BEGIN GIVEN INFORMATION

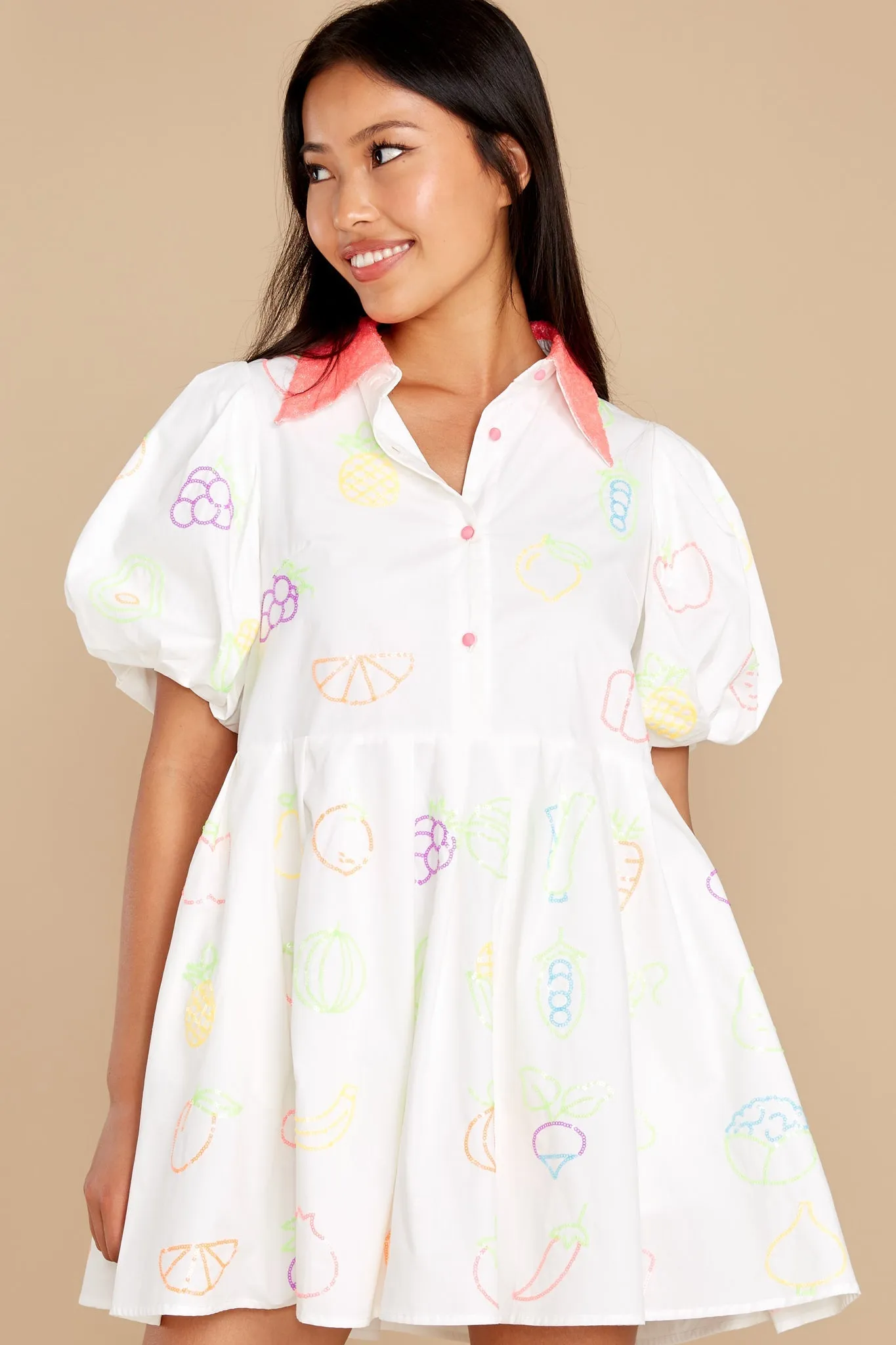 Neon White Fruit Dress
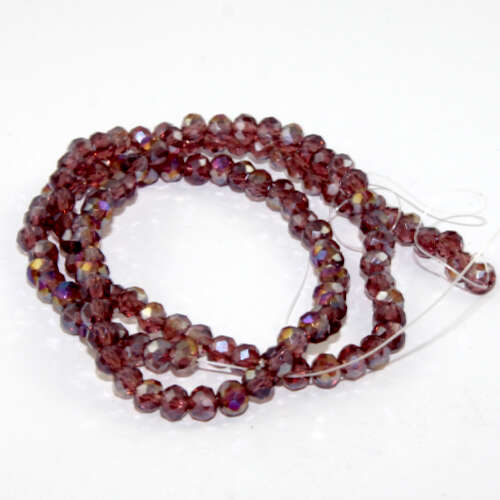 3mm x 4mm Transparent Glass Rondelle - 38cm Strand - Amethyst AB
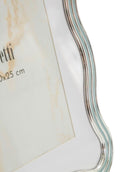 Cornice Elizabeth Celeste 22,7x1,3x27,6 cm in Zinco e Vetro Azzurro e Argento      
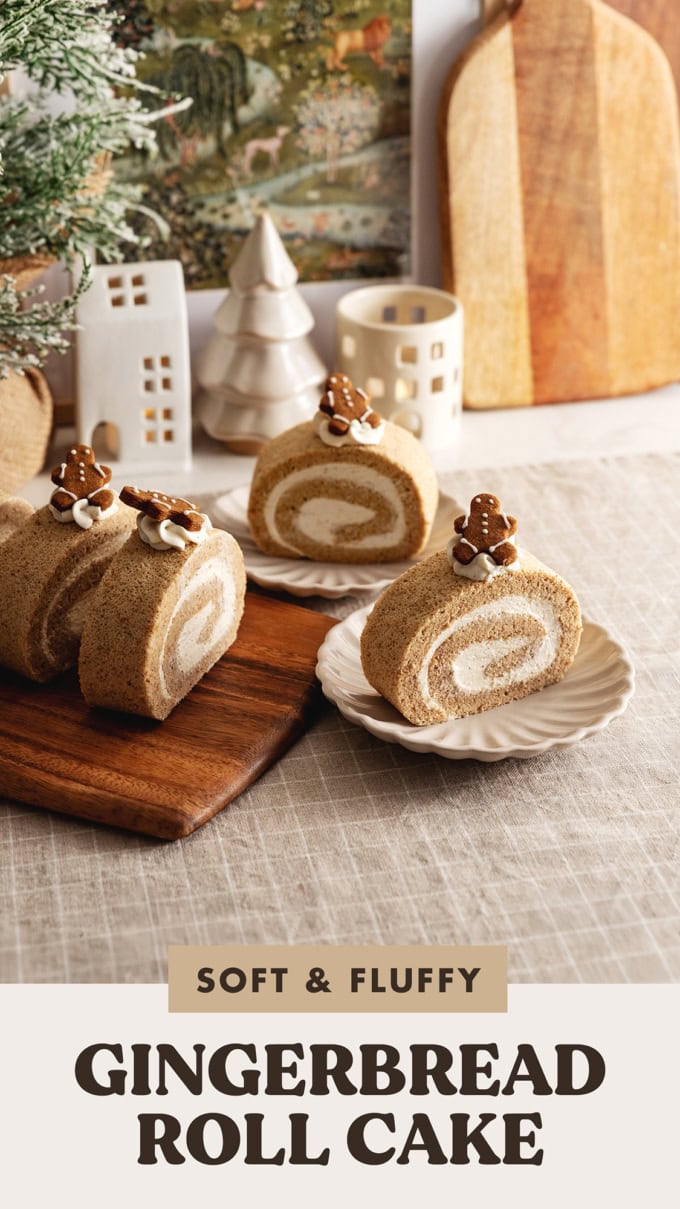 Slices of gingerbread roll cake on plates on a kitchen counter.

END GIVEN INFORMATION
BEGIN GIVEN INFORMATION

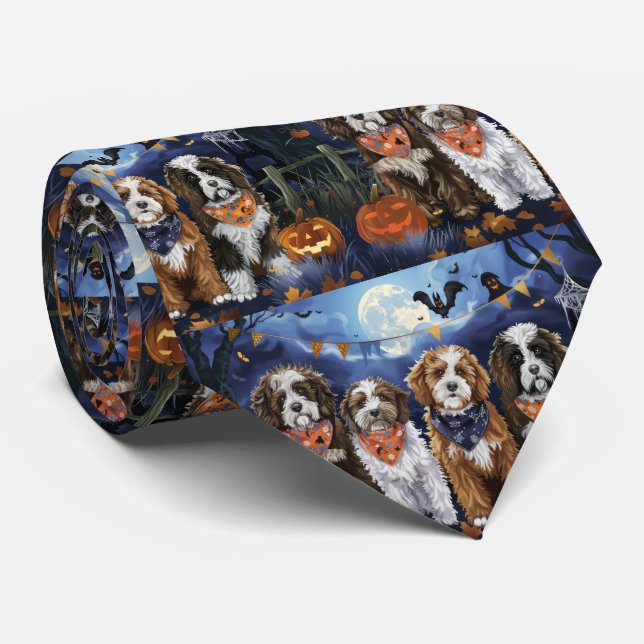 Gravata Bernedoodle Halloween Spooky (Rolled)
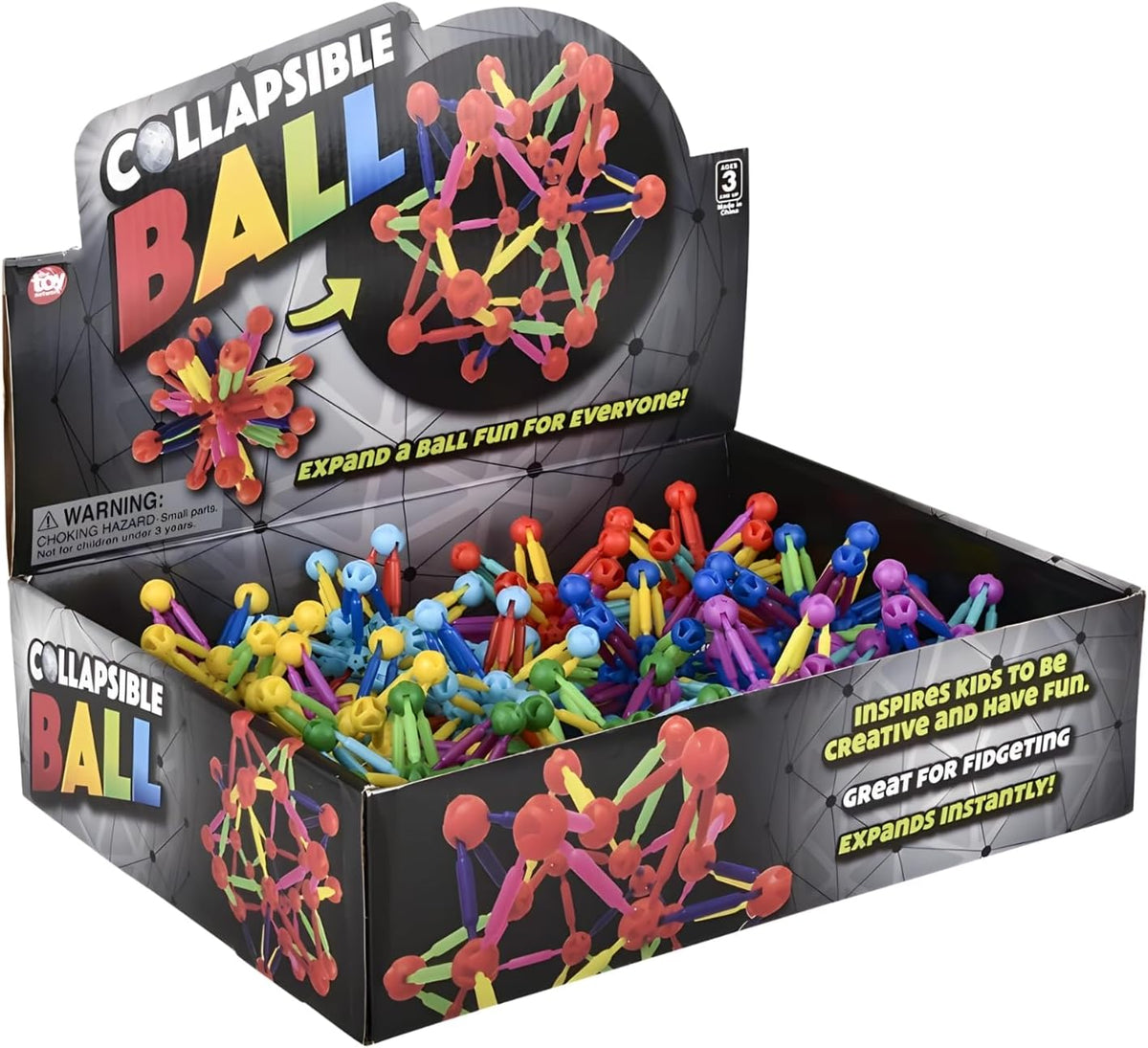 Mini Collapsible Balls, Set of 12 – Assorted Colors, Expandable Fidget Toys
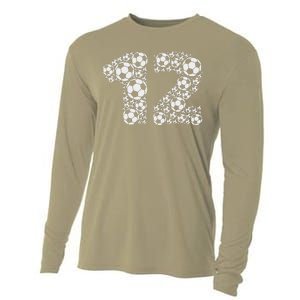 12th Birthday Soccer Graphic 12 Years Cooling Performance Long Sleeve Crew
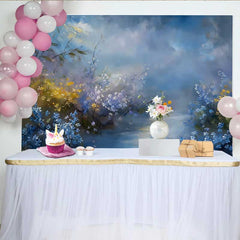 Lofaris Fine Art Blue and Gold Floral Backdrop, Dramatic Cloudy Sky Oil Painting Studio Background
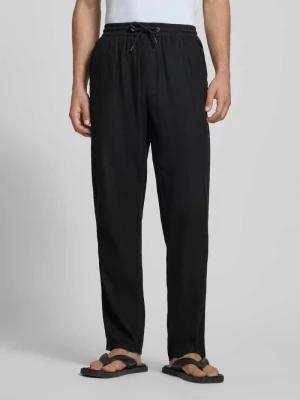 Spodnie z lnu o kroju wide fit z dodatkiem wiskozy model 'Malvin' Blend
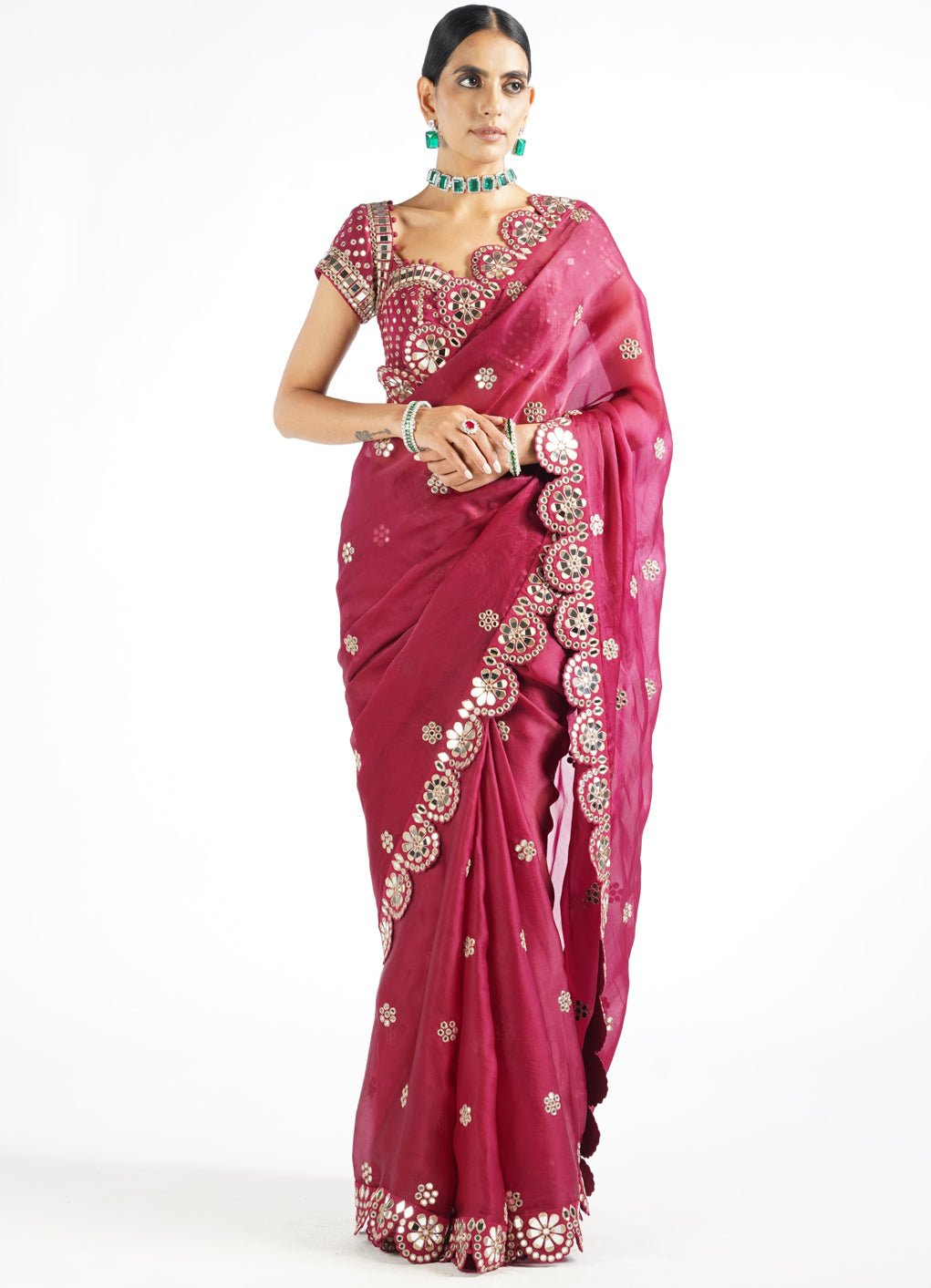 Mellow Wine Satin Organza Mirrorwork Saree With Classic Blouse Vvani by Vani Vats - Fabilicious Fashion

END GIVEN INFORMATION

● **WHAT THE EXERCISE ASKS**
For this exercise, set down the lines in the entries above from the one with "Mini Collapsible Balls, Set" through the one with "Mellow Wine Satin" exactly as written, without any pictures.

● **EXERCISE RESPONSE**
 Mini Collapsible Balls, Set of 12 – Assorted Colors, Expandable Fidget Toys
 12th Birthday Soccer Graphic 12 Years Cooling Performance Long Sleeve Crew
 Lofaris Fine Art Blue and Gold Floral Backdrop, Dramatic Cloudy Sky Oil Painting Studio Background
 Spodnie z lnu o kroju wide fit z dodatkiem wiskozy model 'Malvin' Blend
 Mellow Wine Satin Organza Mirrorwork Saree With Classic Blouse Vvani by Vani Vats - Fabilicious Fashion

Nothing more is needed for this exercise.